Despite years of exhaustive research and thousands of publications, we have still not fully elucidated the biological mechanisms and processes underpinning the development of AD and ADRDs, nor the extent and mechanisms underlying its heterogeneity. A paradigm shift going beyond the exclusive examination of AT[N] biomarkers is warranted to reflect on the strategic long-term considerations in how best to use neuroimaging in AD/ADRD research in the future to support our goals in dementia prevention, and as such we suggest a three-pronged approach:

  1. 1.

    Consolidating the wealth of new information that neuroimaging studies continue to give us and by using emerging imaging methods to promote the discovery of new biomarkers that may provide important insight into AD’s underlying causes and reasons behind its heterogeneity within studies with long follow-ups and appropriate sample sizes.

  2. 2.

    It is becoming increasingly clear that multimodal neuroimaging studies, possibly coupled with genetic and other fluid biomarkers studies, may be necessary to untangle the effects of multiple risk factors on AD development. Novel imaging protocols may prove instrumental in uncovering the underlying neural mechanisms behind AD that cannot be achieved using singular imaging methods alone. With emerging neuroimaging and other multi-modal biomarker discovery and validation work, novel analytic ML/artificial intelligence (and other cutting-edge methodologies) are urgently required and are, indeed, beginning to be applied to AD/ADRD research.

    In dementia prevention, whereas MRI and PET methodologies remain instrumental tools in randomised

  3. 3.

    Neuroimaging is by no means a standardised practice at this point in time (73). Given the sheer magnitude of decisions made at various stages, whether it is calibrating the technology or analysing the vast quantities of data, these decisions can significantly affect the outcomes and results. Consequently, often poor reproducibility between research teams remains an ongoing issue. It is only by coming together to determine ‘best practice’ procedures in how imaging data is collected, recorded, and analysed, can then be disseminated with confidence.

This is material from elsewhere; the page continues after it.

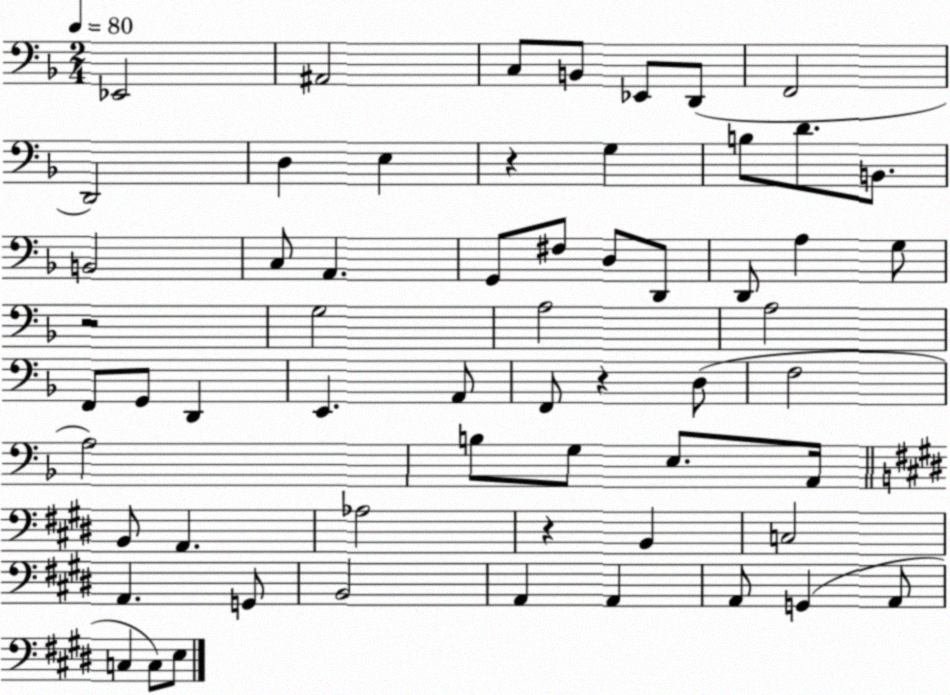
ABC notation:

In conclusion, whereas singular neuroimaging techniques may effectively address hypothesis specific objectives, the wealth of options and emerging broad capabilities of neuroimaging makes it invaluable in clinical research to enhance our understanding of this complex and potentially highly heterogeneous disease. The choice is dependent upon the desired outcomes of the clinical research, and the right “tool” for the job depends on the targeted hypothesis and explicit outcome measure(s). The fast pace of the field of neuroimaging in new modalities, more effective data acquisition protocols, and integrative approaches means that brain imaging will continue to play an important part in AD/ADRD research. By reflecting on recent developments in this field, we can make a unified effort to consolidate and branch into new research avenues in the attempts to disentangle the complexity of this relentlessly progressive and devastating disease.